2) L’autorité de la chose jugée qui s’attache aux décisions judiciaires nationales relève de l’autonomie procédurale des États membres. Elle est toutefois soumise aux principes d’équivalence et d’effectivité.
a) Le principe d’effectivité n’exige pas que l’autorité de la chose jugée qui s’attache à un jugement soit limitée aux motifs constituant le soutien nécessaire de celui-ci.

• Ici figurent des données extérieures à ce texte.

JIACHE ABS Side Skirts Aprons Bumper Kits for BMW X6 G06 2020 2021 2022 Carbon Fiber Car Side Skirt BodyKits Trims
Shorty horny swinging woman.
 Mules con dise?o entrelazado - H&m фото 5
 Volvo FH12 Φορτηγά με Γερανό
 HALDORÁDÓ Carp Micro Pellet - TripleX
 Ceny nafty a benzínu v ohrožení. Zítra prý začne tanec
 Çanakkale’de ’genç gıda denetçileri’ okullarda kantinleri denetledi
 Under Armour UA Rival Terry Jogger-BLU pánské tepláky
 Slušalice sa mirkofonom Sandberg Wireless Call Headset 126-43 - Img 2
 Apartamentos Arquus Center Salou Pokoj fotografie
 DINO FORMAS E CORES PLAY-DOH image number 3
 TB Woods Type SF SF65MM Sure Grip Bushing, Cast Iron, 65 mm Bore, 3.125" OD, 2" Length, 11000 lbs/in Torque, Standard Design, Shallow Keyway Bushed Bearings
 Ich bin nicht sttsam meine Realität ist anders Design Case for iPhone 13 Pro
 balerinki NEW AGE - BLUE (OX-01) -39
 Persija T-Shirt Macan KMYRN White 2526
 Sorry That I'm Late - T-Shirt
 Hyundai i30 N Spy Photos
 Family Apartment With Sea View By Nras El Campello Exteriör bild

b) Une juridiction nationale est tenue, en vertu des principes d’équivalence et d’effectivité, d’écarter les constatations revêtues de l’autorité de la chose jugée afin de restaurer la conformité de la situation en cause avec le droit de l’Union, dans le cas où les règles de procédure internes applicables comportent cette possibilité pour les affaires strictement nationales. Si la juridiction dispose d’un pouvoir discrétionnaire, elle doit notamment prendre en considération le point de savoir si la partie désavantagée par la constatation revêtue de l’autorité de la chose jugée avait la possibilité de remettre en cause cette constatation en introduisant un recours et s’il y avait égalité des armes entre les parties à cet égard. Le point de savoir si une demande de décision préjudicielle a été adressée à la Cour antérieurement à la constatation revêtue de l’autorité de la chose jugée ou si, antérieurement à cette constatation, les parties ont présenté à la juridiction nationale la jurisprudence pertinente de la Cour revêt, en revanche, une importance moindre pour l’exercice dudit pouvoir discrétionnaire.